In situ assay of RNA synthesis by 5-Fluorourdine (5-FU) incorporation was performed as described . Briefly, 5-FU (Sigma-Aldrich) was added to the culture medium to a final concentration of 1 mM. After an incubation in normal tissue culture conditions for 10 minutes, the cells were washed in PBS and fixed in 1% paraformaldehyde (room temperature, 5 min) and then permeabilized with 0.5% Triton X-100 in PBS for 5 min at room temperature. The incorporated 5-FU was detected by anti-BrU antibody (1:500, Sigma B2531) and fluorescence-conjugated secondary antibody as described above.
The protein samples were separated with NuPAGE 12% Bis-Tris gels (Invitrogen). Western blotting was performed following a protein transfer from NuPAGE gel to polyvinylidene difluoride (PVDF) membranes (Millipore). Blots were blocked in a 5% nonfat dry milk solution made up in PBS. The blots were subsequently incubated with the appropriate primary antisera for 1 h at room temperature. The membranes were washed three times for 10 min each time in a PBS solution that contained 0.05% Tween-20 solution. Subsequently, secondary antibodies conjugated to a horseradish peroxidase (GE Healthcare) were added and incubated at room temperature for 1 h. The blots were developed with an enhanced chemiluminescence kit (GE Healthcare).

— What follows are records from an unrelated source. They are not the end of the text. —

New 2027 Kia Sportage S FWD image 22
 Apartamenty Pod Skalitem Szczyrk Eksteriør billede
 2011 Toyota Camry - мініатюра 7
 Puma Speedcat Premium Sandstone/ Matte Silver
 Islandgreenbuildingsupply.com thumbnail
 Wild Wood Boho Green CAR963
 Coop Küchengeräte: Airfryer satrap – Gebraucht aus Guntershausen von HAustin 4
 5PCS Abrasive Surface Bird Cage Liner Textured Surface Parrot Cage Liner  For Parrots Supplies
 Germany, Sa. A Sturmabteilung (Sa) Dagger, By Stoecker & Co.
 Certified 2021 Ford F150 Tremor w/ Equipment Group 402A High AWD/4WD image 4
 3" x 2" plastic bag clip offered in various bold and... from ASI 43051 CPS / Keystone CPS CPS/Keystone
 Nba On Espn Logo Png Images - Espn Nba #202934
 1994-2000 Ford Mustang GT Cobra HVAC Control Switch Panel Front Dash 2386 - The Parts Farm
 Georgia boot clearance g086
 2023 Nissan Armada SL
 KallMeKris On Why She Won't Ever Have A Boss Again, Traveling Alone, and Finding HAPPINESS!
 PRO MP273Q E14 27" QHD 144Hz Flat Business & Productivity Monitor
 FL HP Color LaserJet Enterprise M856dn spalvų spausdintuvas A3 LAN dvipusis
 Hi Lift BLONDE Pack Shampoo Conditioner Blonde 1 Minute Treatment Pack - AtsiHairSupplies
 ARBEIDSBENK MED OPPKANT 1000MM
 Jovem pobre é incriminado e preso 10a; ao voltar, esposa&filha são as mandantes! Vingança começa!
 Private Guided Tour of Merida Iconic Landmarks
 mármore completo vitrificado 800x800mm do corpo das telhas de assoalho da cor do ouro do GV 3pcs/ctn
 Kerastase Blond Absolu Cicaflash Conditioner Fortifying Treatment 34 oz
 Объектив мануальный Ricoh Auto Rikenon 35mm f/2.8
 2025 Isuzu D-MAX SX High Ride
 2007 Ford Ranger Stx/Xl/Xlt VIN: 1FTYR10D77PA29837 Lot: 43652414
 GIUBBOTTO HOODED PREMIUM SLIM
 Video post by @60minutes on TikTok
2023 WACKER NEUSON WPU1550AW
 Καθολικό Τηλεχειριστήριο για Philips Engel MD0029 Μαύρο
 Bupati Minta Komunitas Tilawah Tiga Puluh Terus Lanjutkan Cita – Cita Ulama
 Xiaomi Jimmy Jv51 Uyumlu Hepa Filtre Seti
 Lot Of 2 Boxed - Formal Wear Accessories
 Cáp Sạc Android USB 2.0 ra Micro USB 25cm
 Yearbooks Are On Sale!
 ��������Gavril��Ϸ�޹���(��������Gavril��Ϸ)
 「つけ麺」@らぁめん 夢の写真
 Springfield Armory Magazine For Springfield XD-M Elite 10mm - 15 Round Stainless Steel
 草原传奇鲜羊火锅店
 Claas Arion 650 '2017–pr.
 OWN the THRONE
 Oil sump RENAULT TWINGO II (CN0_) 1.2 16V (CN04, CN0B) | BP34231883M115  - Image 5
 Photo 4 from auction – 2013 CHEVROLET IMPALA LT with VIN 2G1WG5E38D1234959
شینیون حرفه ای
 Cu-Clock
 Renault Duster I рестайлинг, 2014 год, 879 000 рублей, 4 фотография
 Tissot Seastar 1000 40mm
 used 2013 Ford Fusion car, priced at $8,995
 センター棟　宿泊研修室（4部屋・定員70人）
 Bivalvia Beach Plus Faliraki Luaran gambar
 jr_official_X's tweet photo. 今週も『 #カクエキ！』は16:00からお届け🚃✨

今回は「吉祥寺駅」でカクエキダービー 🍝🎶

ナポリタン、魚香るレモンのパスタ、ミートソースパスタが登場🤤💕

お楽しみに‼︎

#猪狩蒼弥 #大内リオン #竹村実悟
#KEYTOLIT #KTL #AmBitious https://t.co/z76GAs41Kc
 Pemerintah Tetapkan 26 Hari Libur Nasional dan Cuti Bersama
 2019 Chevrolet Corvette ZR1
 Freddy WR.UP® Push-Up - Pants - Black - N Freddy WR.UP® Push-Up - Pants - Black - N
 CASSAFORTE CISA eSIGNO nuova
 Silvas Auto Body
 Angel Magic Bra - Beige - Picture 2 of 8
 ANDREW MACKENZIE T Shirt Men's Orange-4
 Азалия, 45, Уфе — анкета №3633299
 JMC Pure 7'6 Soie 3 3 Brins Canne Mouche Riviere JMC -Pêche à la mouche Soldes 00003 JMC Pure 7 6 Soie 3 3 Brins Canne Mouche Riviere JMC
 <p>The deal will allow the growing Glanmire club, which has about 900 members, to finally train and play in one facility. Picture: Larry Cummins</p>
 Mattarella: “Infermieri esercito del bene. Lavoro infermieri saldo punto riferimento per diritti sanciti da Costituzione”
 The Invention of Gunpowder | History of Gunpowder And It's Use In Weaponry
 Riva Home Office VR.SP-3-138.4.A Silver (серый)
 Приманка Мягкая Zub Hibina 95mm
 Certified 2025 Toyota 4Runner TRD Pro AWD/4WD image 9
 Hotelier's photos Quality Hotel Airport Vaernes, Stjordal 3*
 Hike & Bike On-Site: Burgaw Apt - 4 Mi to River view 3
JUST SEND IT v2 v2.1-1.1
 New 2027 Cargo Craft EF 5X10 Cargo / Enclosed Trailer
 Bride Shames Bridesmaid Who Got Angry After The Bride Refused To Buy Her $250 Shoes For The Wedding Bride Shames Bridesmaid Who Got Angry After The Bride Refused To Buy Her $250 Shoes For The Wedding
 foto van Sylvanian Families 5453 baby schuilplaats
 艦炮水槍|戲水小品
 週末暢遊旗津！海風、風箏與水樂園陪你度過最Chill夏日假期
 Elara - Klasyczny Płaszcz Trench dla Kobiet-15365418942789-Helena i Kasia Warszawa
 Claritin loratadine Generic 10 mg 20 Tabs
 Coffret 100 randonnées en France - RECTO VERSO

Cells (5 × 10 5) were harvested by trypsinization, washed in PBS (200 g, 2 mins) and fixed in 70% ice-cold ethanol for 1 h at 4°C. Following fixation, the cells were washed in PBS twice and re-suspended in 500 μL of staining solution (10 μg/mL RNase A and 50 μg/mL propidium iodide in PBS). The tubes were incubated for 30 min at 4°C in the dark. The DNA content was analyzed by a flow cytometry (BD Calibur) and the percentage of cells in different phases of the cell cycle was assessed by using ModFit V 3.0 software.
Nucleolar isolation was performed according to the published protocol with the following modifications for NIH3T3 cells http://www.lamondlab.com/f7nucleolarprotocol.htm. The NIH3T3 cells were dounce homogenized 50 times which is enough to break open the plasma membrane without disrupting the nucleus. We sonicated the isolated nuclei for 12 × 10 sec at amplitude of 30% (Cole-Parmer Instruments) to break open the nuclear membrane without disrupting the nucleolus.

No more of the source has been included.